<div class="alert alert-success" style="font-size: 16px;">
    <div style="font-size: 22px; font-weight:bold; margin: 10px 0px;">Topic Modeling</div>
After preprocessing we have to vectorize our preprocessed text and train our topic model.
</div>

## Imports

In [1]:
#!py -m spacy download en_core_web_sm

from tqdm.notebook import tqdm
import spacy

from conferences import get_conference_data

try:
    nlp
except:
    nlp = spacy.load("nl_core_news_sm")

## Get Data

In [2]:
conferences_data = get_conference_data()

In [3]:
text_by_Rutte = [conference['text'] for conference in conferences_data[0]]
text_by_de_jonge = [conference['text'] for conference in conferences_data[1]]

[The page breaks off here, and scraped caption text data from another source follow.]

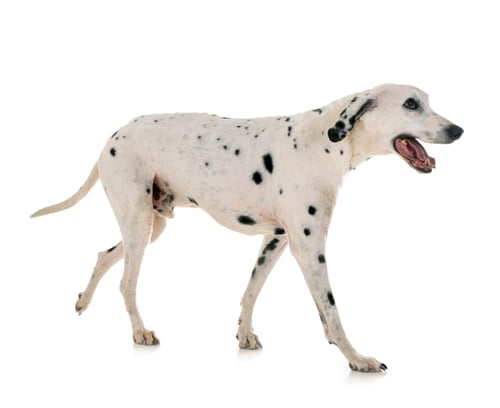 Preview: dalmatian in studio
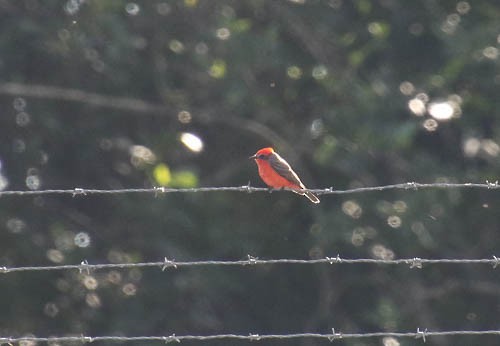 Vermilion Flycatcher - ML614395508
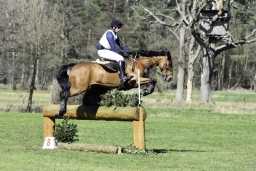 luhmuehlen-cci2-maerz-2019-373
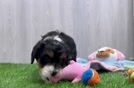 Funny Mini Bernedoodle Poodle Mix Pup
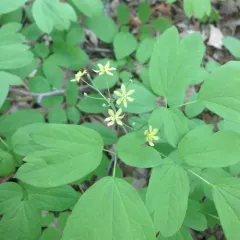 blue cohosh thumbnail 2
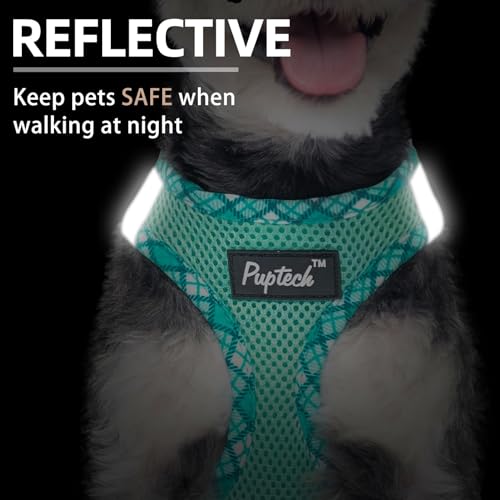 PUPTECK Dog Harness and Leash Set for Small Medium Dogs No Pull Step-in Soft Mesh Puppy Cat Vest Harnesses Reflective at N...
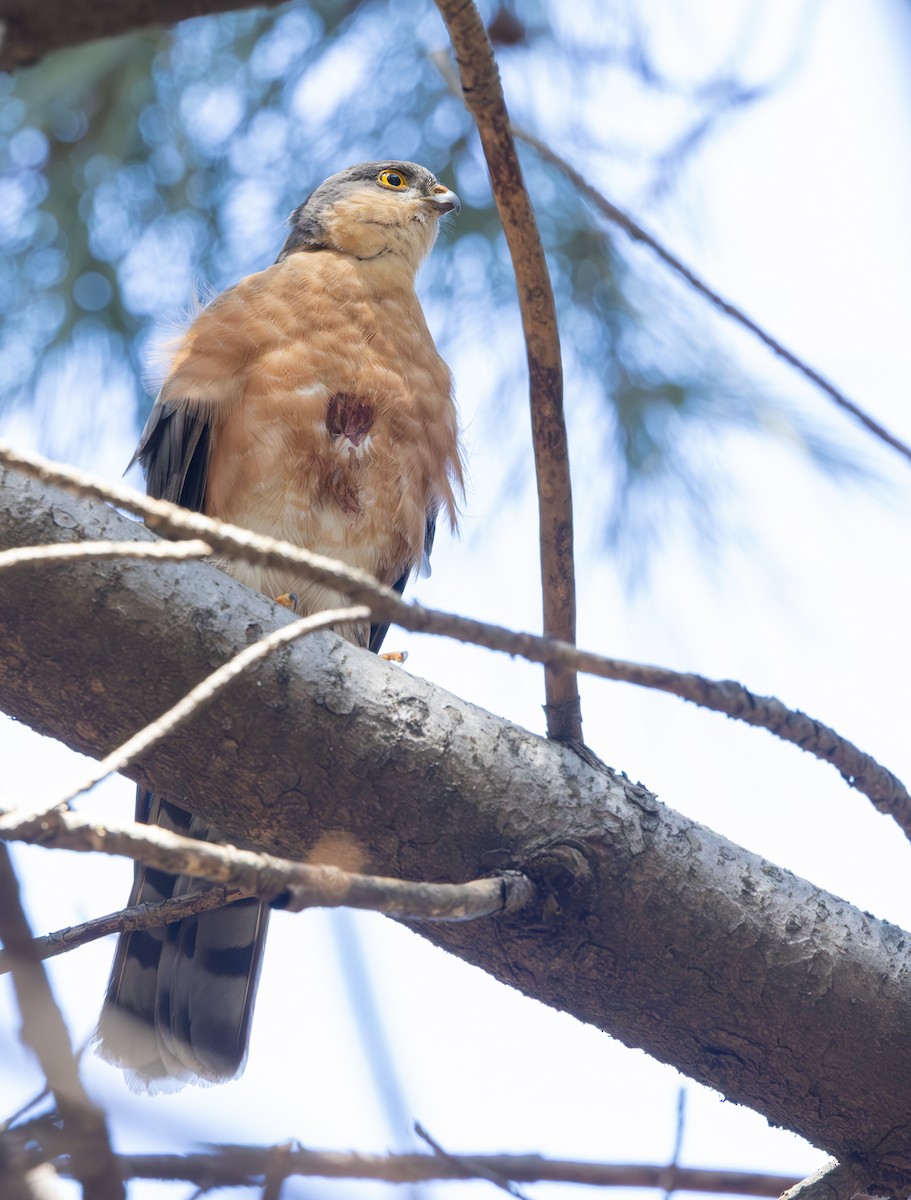 Gavilán Papirrufo (rufiventris) - ML644326751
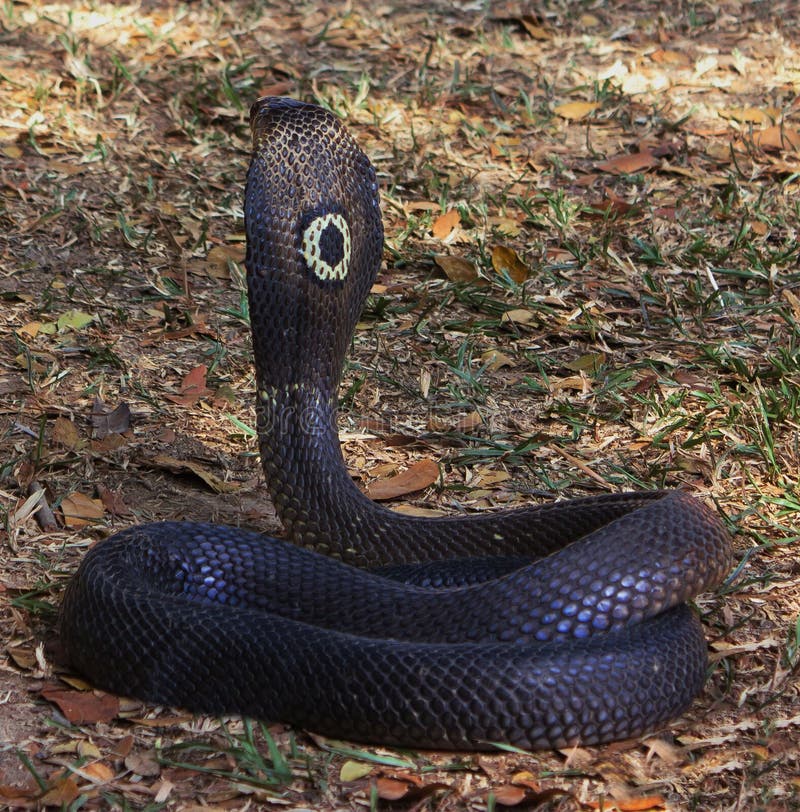 635.192 imagens, fotos stock, objetos 3D e vetores de Cobra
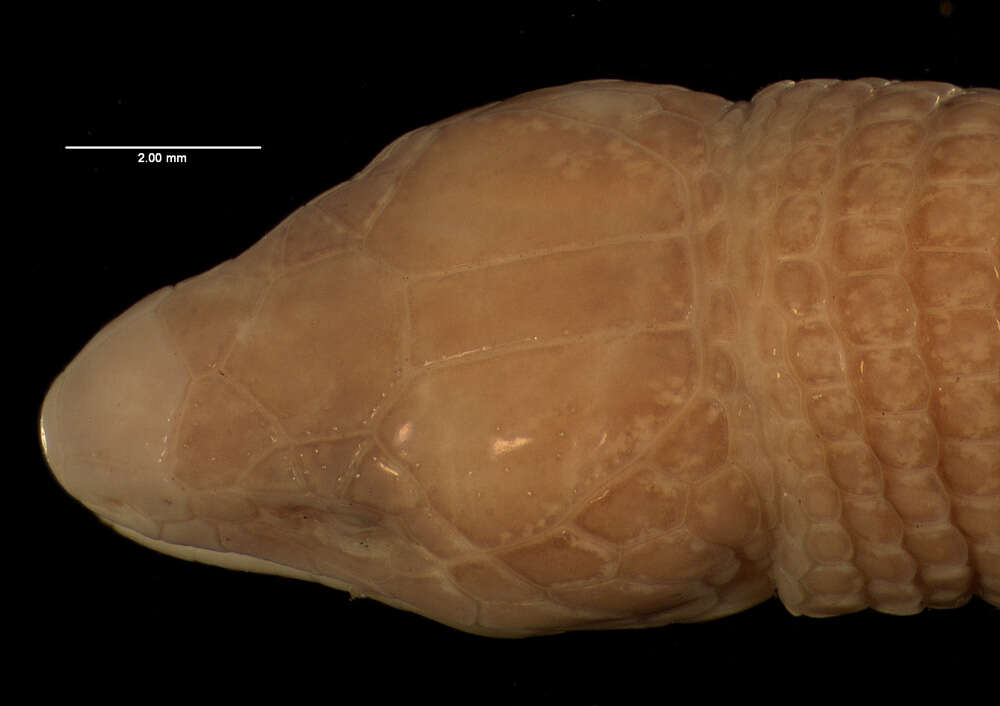 Bachia heteropa (Wiegmann 1856)的圖片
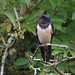 Swallow " Hirundo rustica"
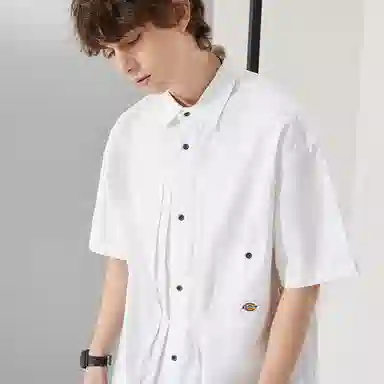 Dickies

merged_texts = [text_by_Rutte, text_by_de_jonge]
merged_texts = [item for sublist in merged_texts for item in sublist]

## Tokenize Texts

In [4]:
%%time 
processed_texts = [text for text in tqdm(nlp.pipe(merged_texts, n_process=1, disable=["ner", "parser"]), total=len(merged_texts))] 

  0%|          | 0/58 [00:00<?, ?it/s]

Wall time: 1min 24s


In [1]:
# processed_texts[:10]

In [2]:
# word.pos_ == 'VERB' and not 
tokenized_texts_lem = [[word.lemma_ for word in processed_text if not word.is_stop and not word.is_punct] for processed_text in processed_texts]
tokenized_texts_lem[:10]

NameError: name 'processed_texts' is not defined

## Vectorization

In [11]:
from gensim.corpora import Dictionary

MIN_DF = 1 # minium document frequency
MAX_DF = 0.6 # maximum document frequency

dictionary = Dictionary(tokenized_texts_lem) # get the vocabulary
dictionary.filter_extremes(no_below=MIN_DF, 
                           no_above=MAX_DF)
corpus = [dictionary.doc2bow(text) for text in tokenized_texts_lem]

## Train Model

In [12]:
from gensim.models.wrappers import LdaMallet

PATH_TO_MALLET = r'C:/mallet/bin/mallet.bat'

N_TOPICS = 2
N_ITERATIONS = 1000 # usually 1000 will do

lda = LdaMallet(PATH_TO_MALLET,
                corpus=corpus,
                id2word=dictionary,
                num_topics=N_TOPICS,
                optimize_interval=10,
                iterations=N_ITERATIONS)

## Show Topics

In [15]:
for topic in range(N_TOPICS):
    words = lda.show_topic(topic, 20)
    topic_n_words = ' '.join([word[0] for word in words])
    print('Topic {}: {}'.format(str(topic), topic_n_words))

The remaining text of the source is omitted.